Member of the Oklahoma Senate from the 32nd district
- In office November 1994 – November 2004
- Preceded by: Roy Hooper
- Succeeded by: Randy Bass

Member of the Oklahoma House of Representatives from the 62nd district
- In office November 1988 – November 1994
- Preceded by: Ken Harris
- Succeeded by: Abe Deutschendorf

Personal details
- Born: October 23, 1938 Chickasha, Oklahoma, U.S.
- Died: February 20, 2024 (aged 85) Lawton, Oklahoma, U.S.
- Party: Democratic
- Spouse: Leslie Hamm ​(m. 1961)​
- Children: 3

= Jim Maddox =

Jim Maddox (October 23, 1938 – February 20, 2024) was an American politician who served in the Oklahoma Senate representing the 32nd district from 1994 to 2004 and in the Oklahoma House of Representatives representing the 62nd district from 1988 to 1994.

==Biography==
Jim Maddox was born on October 23, 1938, in Chickasha, Oklahoma, to Leon and Evelyn Maddox.
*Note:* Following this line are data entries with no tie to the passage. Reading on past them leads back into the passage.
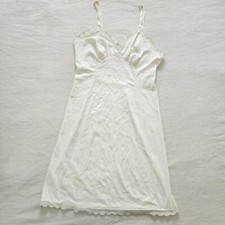 Vintage cream nightgown slip scallop trim womens 34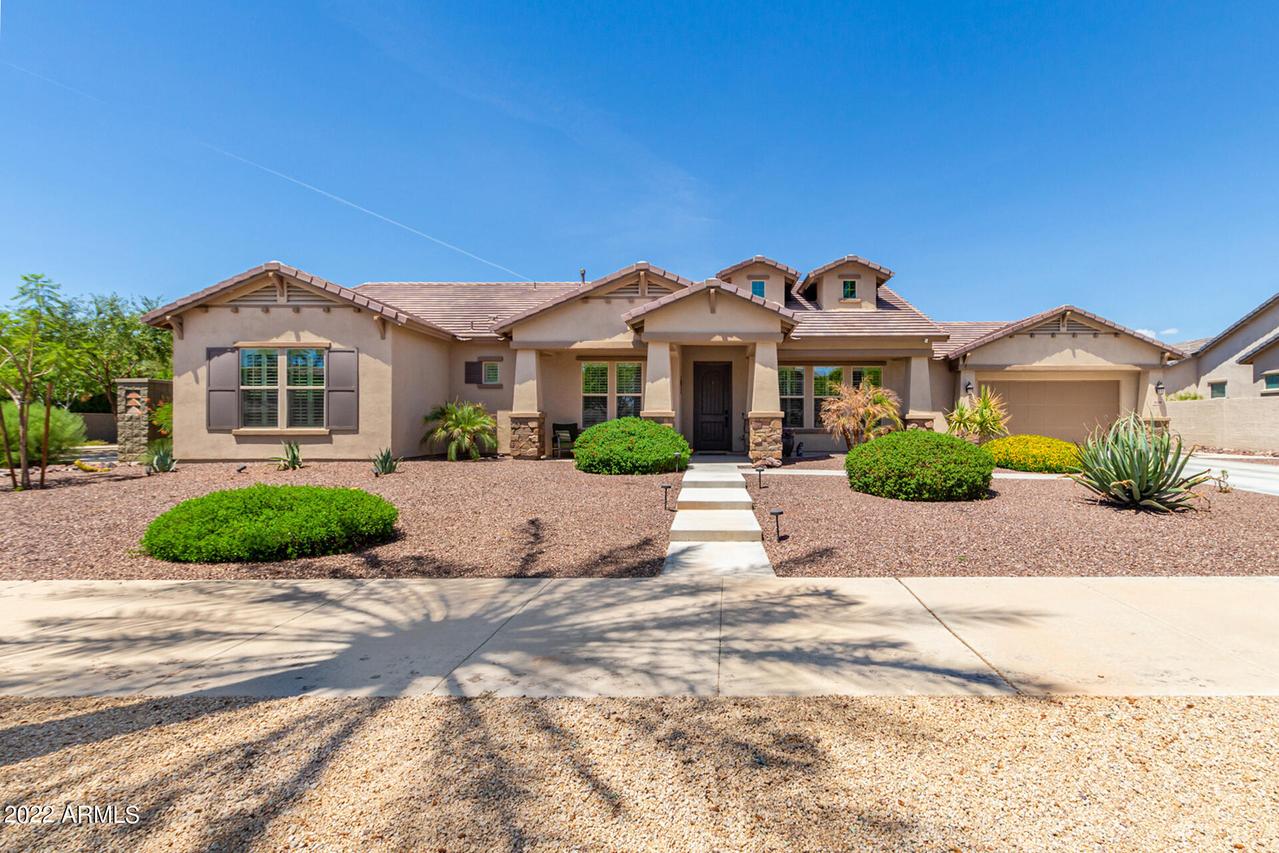 4688 N Village Pkwy., Litchfield Park, AZ 85340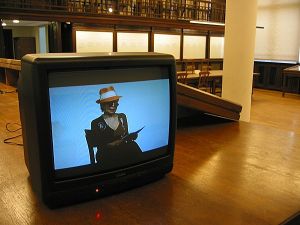 Im Kupferstichkabinett gibt es auch eine Video-Installation zu sehen: Yoko Ono liest ihre 'Instructions' vor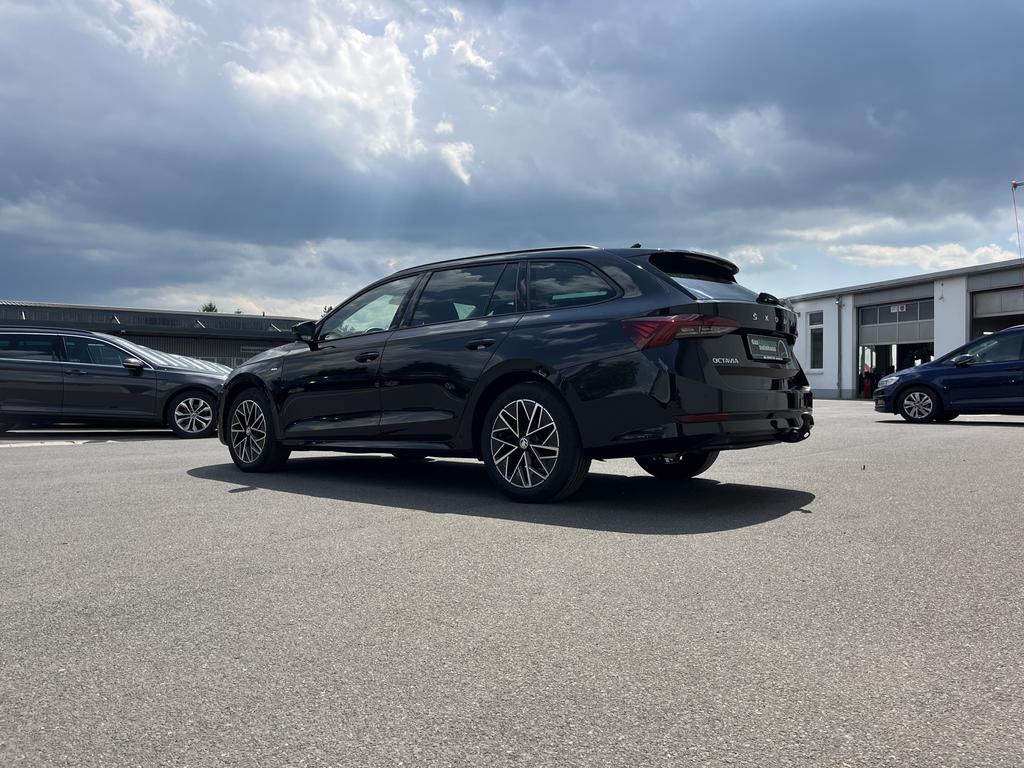 Skoda Octavia 2022 г. Чёрный, пробег 58492 км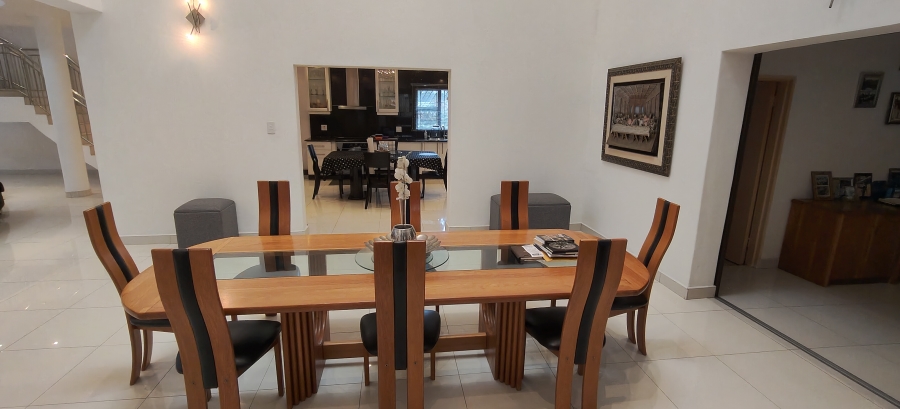 5 Bedroom Property for Sale in Cowies Hill KwaZulu-Natal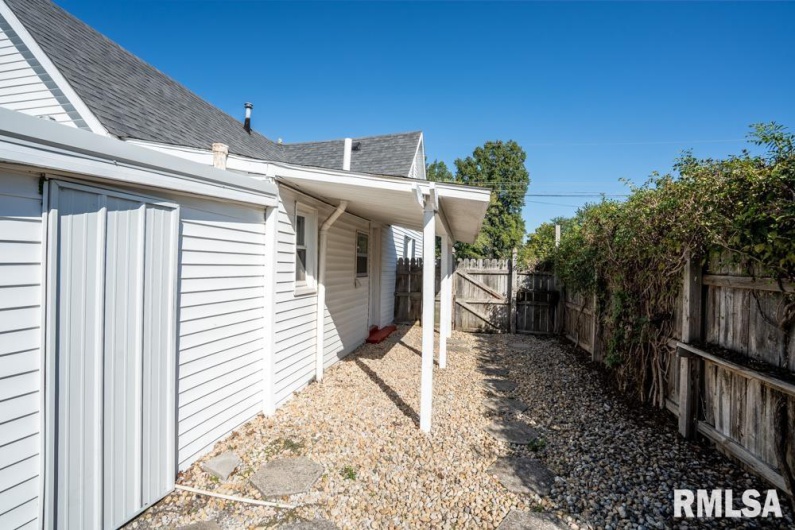 1713 DEWEY Street, Marion, Illinois 62959, 2 Bedrooms Bedrooms, 0 ,1 BathroomBathrooms,Residential,For Sale,DEWEY,0,RMAPA1263565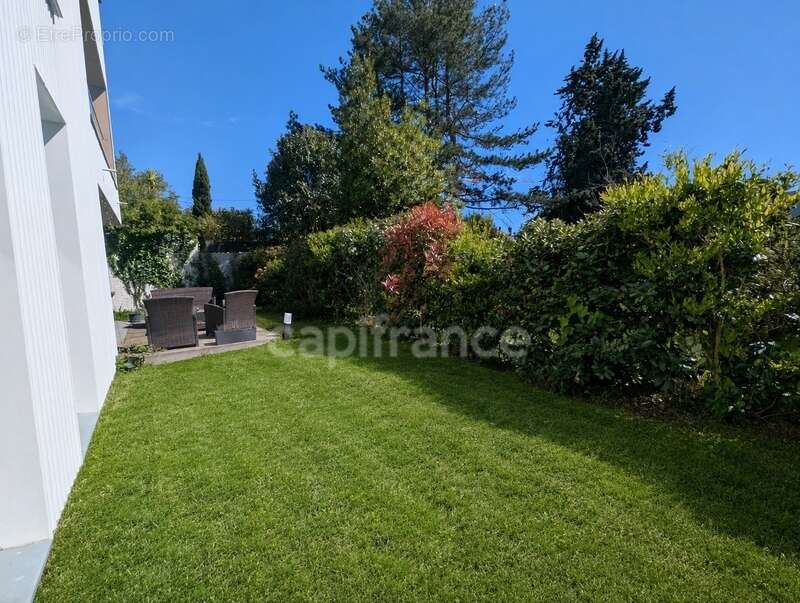 Appartement à vendre 3 pièces BORDEAUX CHARTRONS (33) - Jardin 110m2, terrasse, parking, cellier - photo 14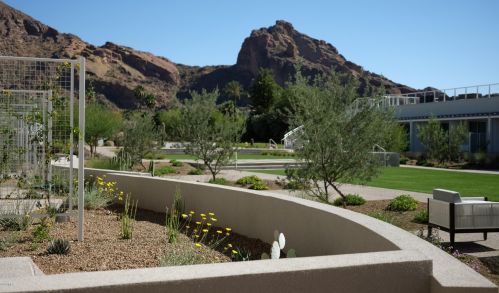 5455 Lincoln Dr, Scottsdale AZ  85253-4118 exterior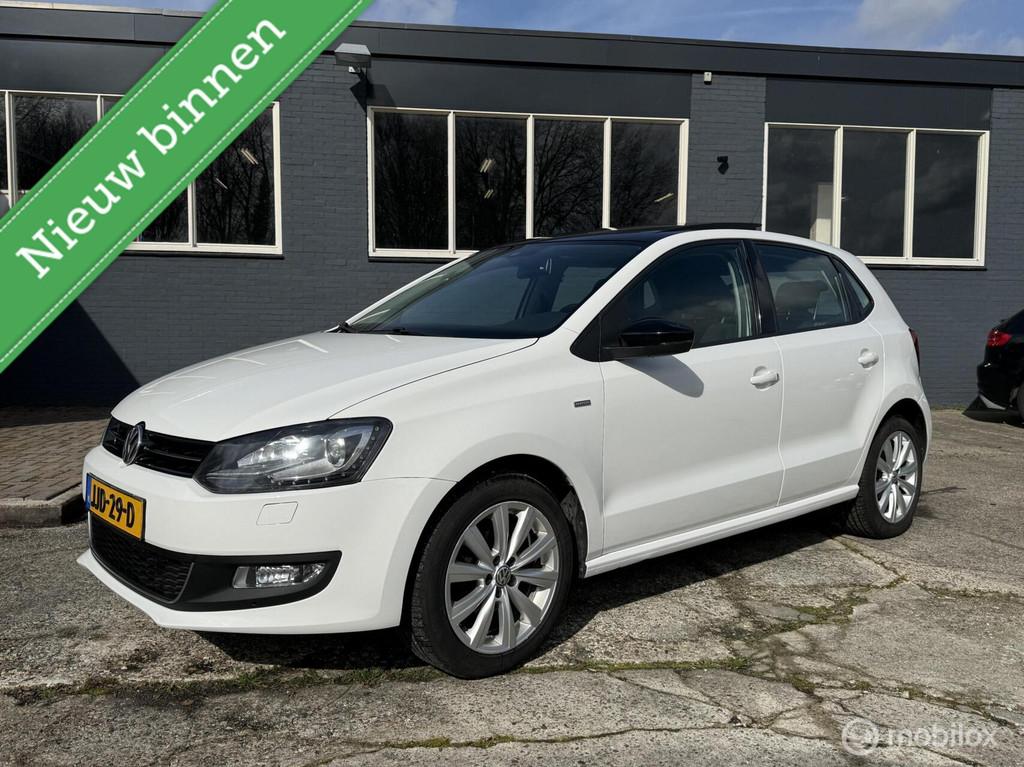 Volkswagen Polo 1.2 TSI MATCH PANO-DAK - XENON - NAVI - CLIM, Auto's, Voorwielaandrijving, Euro 5, Gebruikt, 988 kg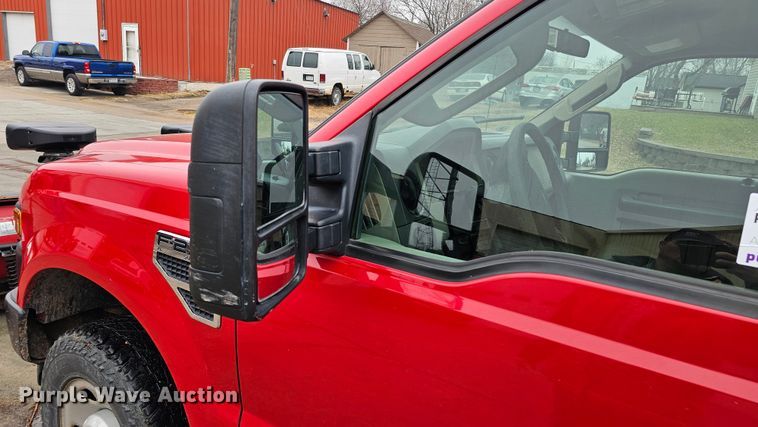 image for item DQ8567 2010 Ford F250 Super Duty  pickup truck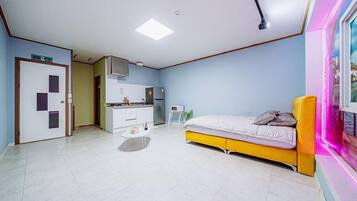 Room (marine) | 1 bedroom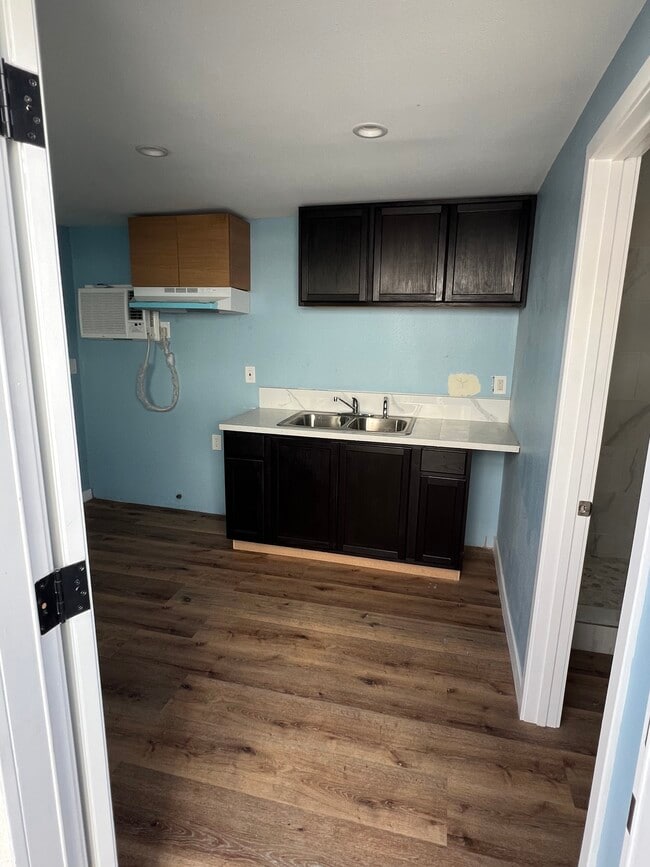 Kitchen - 9613 Anzac Ave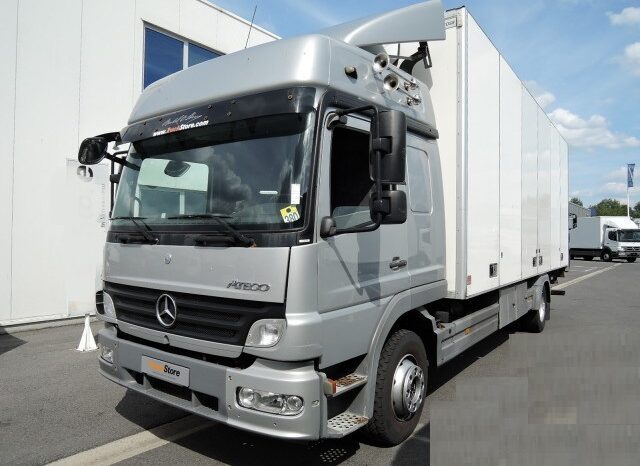 Camion Mercedes-Benz type 1523 L occasion Douala complet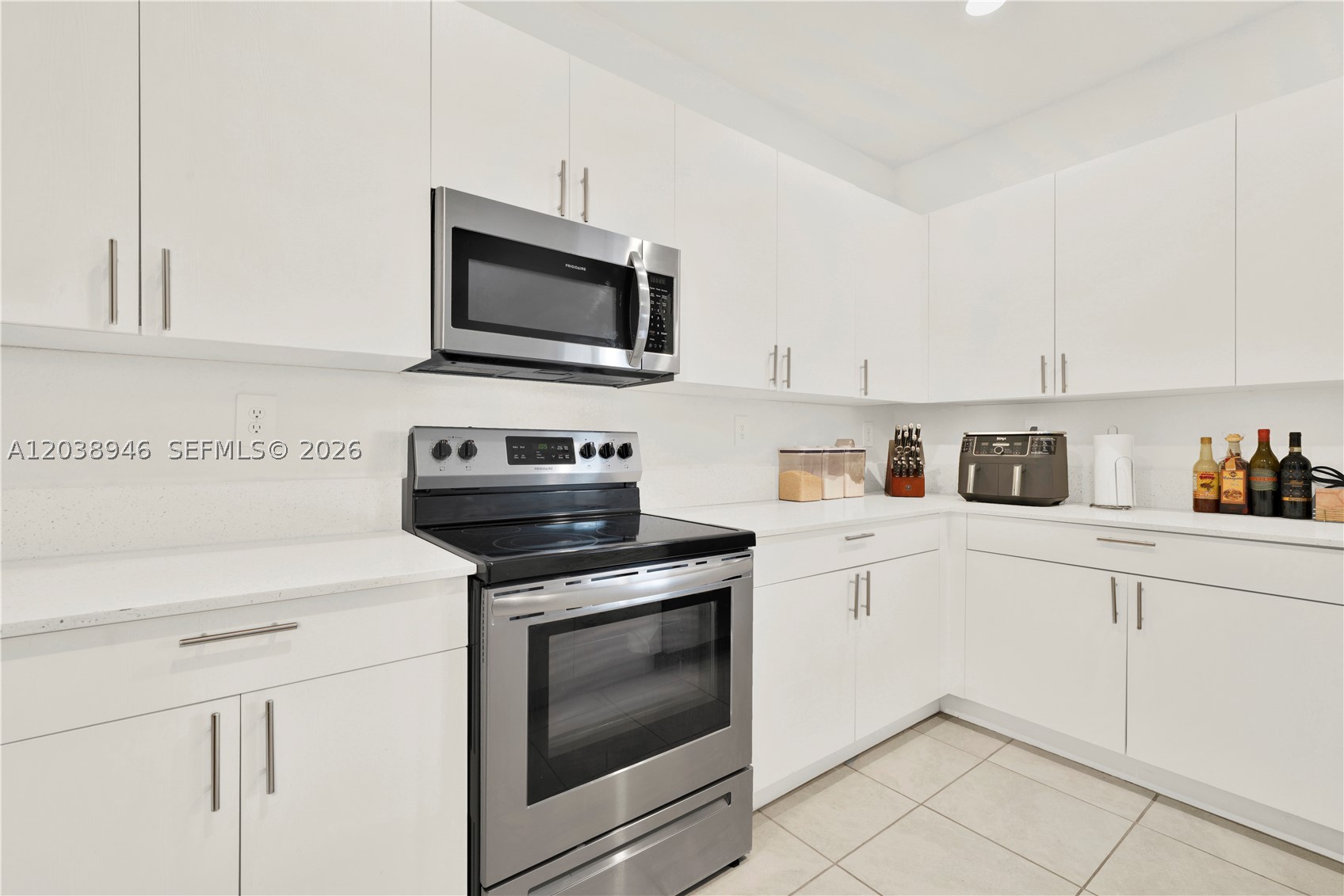 SILVER PALM RESIDENTIAL H - Residential
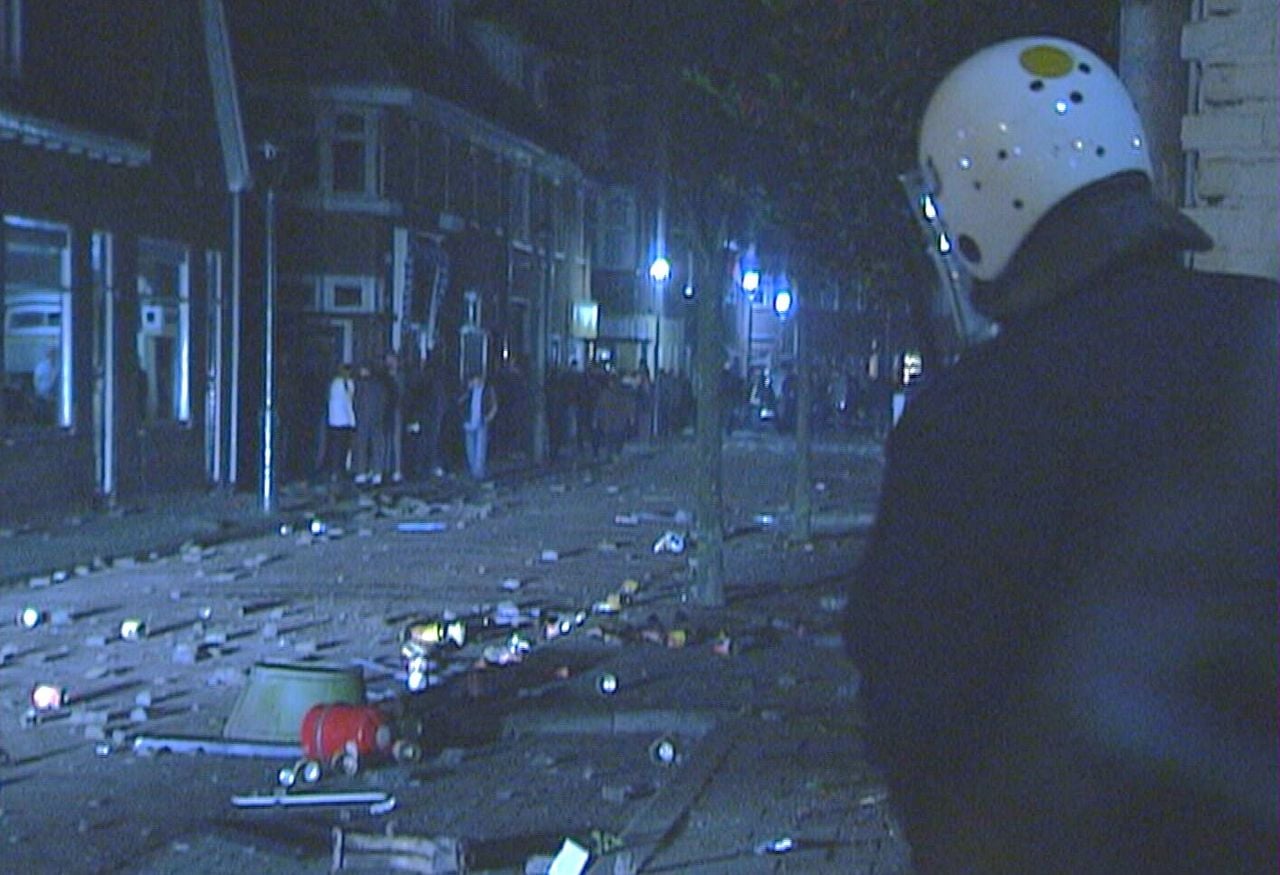 Freddy liep tussen de relschoppers en politie (foto: Omroep Brabant).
He was raised in Lawton and graduated from Lawton High School. On June 24, 1961, he married Leslie Hamm and the couple had three children. He served in the Oklahoma House of Representatives as a member of the Democratic Party representing the 62nd district from 1988 to 1994. He was preceded in office by Ken Harris and succeeded in office by Abe Deutschendorf. He served in the Oklahoma Senate representing the 32nd district from 1994 to 2004. He was preceded in office by Roy Hooper and succeeded in office by Randy Bass. He died on February 20, 2024, in Lawton, Oklahoma.